But as the Associated Press points out, not everyone's so thrilled with the deal, which threatens to ruin what the great Joe Nick Patoski calls on Facebook this morning "Texas' most wonderful paddling experience." (Joe Nick wrote this about his trip down Devils River in '02, and Mike Leggett, writing in the Austin American Statesman, adds: "Iconic and crystalline, this resource-rich river is regarded as the purest natural water in Texas and is considered a sacred spot by anglers, paddlers, campers, hikers and wildlife lovers.") If nothing else, the Texas Rivers Protection Association would like to see the deal delayed, if only because the TPWD's threatening to use all of its land acquisition funds on this one deal -- Sanders will also get a not-too-shabby $8 mil -- and the agency's rushing to get this done by November 4. Says TRPA president Tom Goines: "This reeks of being a very bad deal."

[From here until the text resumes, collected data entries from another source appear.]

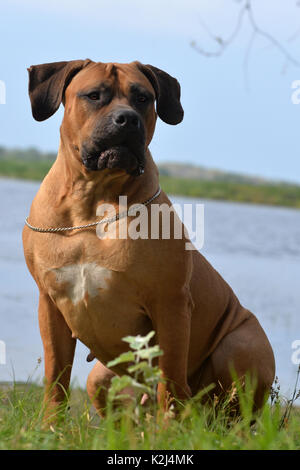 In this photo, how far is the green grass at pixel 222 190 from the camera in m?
22.9

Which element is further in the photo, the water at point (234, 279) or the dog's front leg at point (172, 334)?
the water at point (234, 279)

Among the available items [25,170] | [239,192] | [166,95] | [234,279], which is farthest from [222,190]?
[166,95]

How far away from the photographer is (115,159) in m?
3.24

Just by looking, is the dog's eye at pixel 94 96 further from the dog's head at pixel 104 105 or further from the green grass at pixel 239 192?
the green grass at pixel 239 192

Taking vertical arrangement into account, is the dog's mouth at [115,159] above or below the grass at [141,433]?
above

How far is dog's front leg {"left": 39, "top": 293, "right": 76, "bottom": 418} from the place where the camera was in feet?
11.8

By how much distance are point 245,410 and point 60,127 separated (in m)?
1.57

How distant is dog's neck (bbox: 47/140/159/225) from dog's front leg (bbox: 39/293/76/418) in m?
0.45

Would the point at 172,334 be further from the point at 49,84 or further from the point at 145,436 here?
the point at 49,84

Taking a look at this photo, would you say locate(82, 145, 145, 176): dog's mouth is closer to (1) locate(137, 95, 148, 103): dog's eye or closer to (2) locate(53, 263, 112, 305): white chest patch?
(1) locate(137, 95, 148, 103): dog's eye

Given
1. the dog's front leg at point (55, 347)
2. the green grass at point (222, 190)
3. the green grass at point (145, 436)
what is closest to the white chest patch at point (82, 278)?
the dog's front leg at point (55, 347)

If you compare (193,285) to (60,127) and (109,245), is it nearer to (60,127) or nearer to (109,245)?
(109,245)

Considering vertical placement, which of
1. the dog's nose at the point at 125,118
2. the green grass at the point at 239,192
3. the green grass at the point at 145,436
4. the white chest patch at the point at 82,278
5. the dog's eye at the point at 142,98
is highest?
the dog's eye at the point at 142,98

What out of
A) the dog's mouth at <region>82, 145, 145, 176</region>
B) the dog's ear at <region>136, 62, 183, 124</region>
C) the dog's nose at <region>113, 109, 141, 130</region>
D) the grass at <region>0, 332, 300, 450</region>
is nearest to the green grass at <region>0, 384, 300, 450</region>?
the grass at <region>0, 332, 300, 450</region> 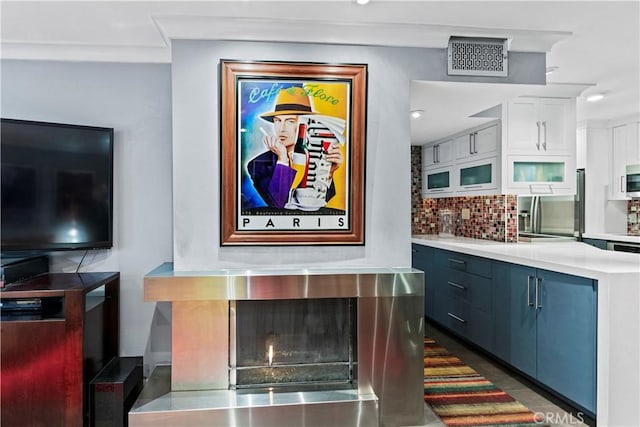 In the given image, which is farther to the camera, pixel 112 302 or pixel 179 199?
pixel 112 302

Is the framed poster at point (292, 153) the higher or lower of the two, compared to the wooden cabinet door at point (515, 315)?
higher

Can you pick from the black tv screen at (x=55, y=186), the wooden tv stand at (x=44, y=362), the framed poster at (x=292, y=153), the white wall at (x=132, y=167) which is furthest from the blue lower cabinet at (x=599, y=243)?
the wooden tv stand at (x=44, y=362)

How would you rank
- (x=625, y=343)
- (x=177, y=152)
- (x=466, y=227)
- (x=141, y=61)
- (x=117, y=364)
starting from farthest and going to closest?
1. (x=466, y=227)
2. (x=141, y=61)
3. (x=117, y=364)
4. (x=177, y=152)
5. (x=625, y=343)

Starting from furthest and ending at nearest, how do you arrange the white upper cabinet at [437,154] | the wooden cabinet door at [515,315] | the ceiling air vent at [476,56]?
the white upper cabinet at [437,154]
the wooden cabinet door at [515,315]
the ceiling air vent at [476,56]

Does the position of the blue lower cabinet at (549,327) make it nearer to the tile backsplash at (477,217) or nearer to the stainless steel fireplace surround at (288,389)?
the stainless steel fireplace surround at (288,389)

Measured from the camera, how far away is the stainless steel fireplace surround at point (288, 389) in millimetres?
2342

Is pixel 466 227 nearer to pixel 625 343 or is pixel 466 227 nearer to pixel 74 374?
pixel 625 343

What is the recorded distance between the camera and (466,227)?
16.5 ft

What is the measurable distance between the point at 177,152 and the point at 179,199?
0.91 ft

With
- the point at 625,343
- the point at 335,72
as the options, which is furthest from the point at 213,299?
the point at 625,343

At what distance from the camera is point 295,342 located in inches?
106

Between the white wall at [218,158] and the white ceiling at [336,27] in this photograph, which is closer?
the white ceiling at [336,27]

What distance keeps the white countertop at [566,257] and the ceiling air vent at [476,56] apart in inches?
50.4

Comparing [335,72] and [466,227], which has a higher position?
[335,72] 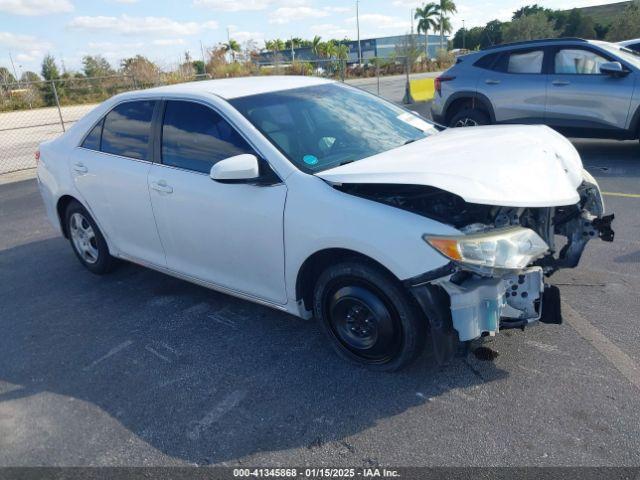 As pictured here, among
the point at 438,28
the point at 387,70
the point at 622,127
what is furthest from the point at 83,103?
the point at 438,28

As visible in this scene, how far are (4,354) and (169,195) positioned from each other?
1.63 metres

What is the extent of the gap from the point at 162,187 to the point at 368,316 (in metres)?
1.83

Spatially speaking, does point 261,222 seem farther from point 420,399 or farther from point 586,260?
point 586,260

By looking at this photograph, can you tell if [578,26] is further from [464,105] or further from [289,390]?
[289,390]

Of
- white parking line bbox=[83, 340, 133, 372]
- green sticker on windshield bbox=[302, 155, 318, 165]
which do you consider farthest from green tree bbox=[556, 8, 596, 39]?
white parking line bbox=[83, 340, 133, 372]

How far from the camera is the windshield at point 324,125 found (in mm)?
3518

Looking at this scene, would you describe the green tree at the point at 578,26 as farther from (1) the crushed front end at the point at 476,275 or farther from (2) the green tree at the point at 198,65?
(1) the crushed front end at the point at 476,275

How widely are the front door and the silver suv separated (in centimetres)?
650

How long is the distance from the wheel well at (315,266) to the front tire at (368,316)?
0.04 m

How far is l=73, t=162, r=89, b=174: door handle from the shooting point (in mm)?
4658

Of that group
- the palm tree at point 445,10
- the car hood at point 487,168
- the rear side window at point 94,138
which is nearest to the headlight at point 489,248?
the car hood at point 487,168

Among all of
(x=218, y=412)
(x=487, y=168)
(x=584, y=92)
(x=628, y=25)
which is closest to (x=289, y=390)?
(x=218, y=412)

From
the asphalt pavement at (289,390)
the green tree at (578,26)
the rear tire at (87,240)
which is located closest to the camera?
the asphalt pavement at (289,390)

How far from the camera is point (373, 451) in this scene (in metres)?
2.62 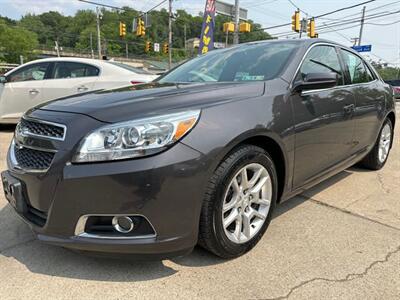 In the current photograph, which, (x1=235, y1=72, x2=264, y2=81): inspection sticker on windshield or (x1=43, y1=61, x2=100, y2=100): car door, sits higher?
(x1=235, y1=72, x2=264, y2=81): inspection sticker on windshield

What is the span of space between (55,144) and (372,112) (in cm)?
330

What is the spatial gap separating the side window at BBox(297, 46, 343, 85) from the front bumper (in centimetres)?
140

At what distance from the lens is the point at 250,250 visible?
8.39 feet

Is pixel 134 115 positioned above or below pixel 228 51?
below

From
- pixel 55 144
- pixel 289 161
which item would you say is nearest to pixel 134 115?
pixel 55 144

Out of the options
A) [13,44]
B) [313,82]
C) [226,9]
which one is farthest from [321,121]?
[13,44]

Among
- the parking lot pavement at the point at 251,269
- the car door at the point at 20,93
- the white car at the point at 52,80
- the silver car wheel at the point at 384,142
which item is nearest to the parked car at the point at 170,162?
the parking lot pavement at the point at 251,269

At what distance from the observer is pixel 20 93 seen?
7062 mm

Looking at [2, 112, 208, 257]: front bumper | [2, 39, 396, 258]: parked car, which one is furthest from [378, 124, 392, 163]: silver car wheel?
[2, 112, 208, 257]: front bumper

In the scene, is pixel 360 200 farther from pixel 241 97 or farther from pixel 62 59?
pixel 62 59

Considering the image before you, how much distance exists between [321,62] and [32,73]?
5.82 meters

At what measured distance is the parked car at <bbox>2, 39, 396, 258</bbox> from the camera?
77.9 inches

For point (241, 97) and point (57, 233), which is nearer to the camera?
point (57, 233)

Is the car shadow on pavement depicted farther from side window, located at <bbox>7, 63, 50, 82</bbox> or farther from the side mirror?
side window, located at <bbox>7, 63, 50, 82</bbox> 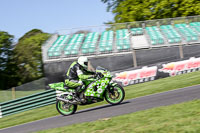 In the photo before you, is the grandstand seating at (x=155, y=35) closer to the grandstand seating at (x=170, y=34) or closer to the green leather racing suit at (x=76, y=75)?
the grandstand seating at (x=170, y=34)

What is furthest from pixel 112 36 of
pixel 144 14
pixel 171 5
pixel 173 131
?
pixel 173 131

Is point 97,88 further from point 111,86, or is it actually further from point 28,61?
point 28,61

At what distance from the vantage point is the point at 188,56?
17.2 m

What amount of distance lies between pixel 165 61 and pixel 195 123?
461 inches

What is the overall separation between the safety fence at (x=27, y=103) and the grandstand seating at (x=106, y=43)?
5.23m

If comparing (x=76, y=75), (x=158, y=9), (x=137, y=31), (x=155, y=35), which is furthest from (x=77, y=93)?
(x=158, y=9)

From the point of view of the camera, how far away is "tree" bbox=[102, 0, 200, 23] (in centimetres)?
2897

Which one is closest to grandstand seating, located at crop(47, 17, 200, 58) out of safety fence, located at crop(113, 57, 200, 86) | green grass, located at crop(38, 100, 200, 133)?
safety fence, located at crop(113, 57, 200, 86)

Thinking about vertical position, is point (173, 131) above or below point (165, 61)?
below

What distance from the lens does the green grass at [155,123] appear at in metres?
5.61

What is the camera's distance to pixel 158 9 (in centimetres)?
2969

One of the biggest concerns: Sanders -- who, turns out, is also a member of The Nature Conservancy's Texas Board of Trustees -- has had his ranch up for sale for two years, because he's done got "too many ranches now." Which means he may end up selling Devils River State Natural Area to someone else -- someone who might not keep the "pristine waterway" so, ya know, pristine. From the AP piece:

David Honeycutt, an oil and gas man who lives in Austin and owns property near the ranch, thinks the deal is coming together in a "kind of a cowboy way." People have already been caught vandalizing ancient cave paintings, and trespassers leave behind trash and waste, he said. Rather than hand over the only campsite at the top of the river, the state needs to offer more such opportunities for river enthusiasts, he argues.

"We don't have a river like this in Texas," Honeycutt said. "If you kill the river, you kill the goose that laid the golden egg."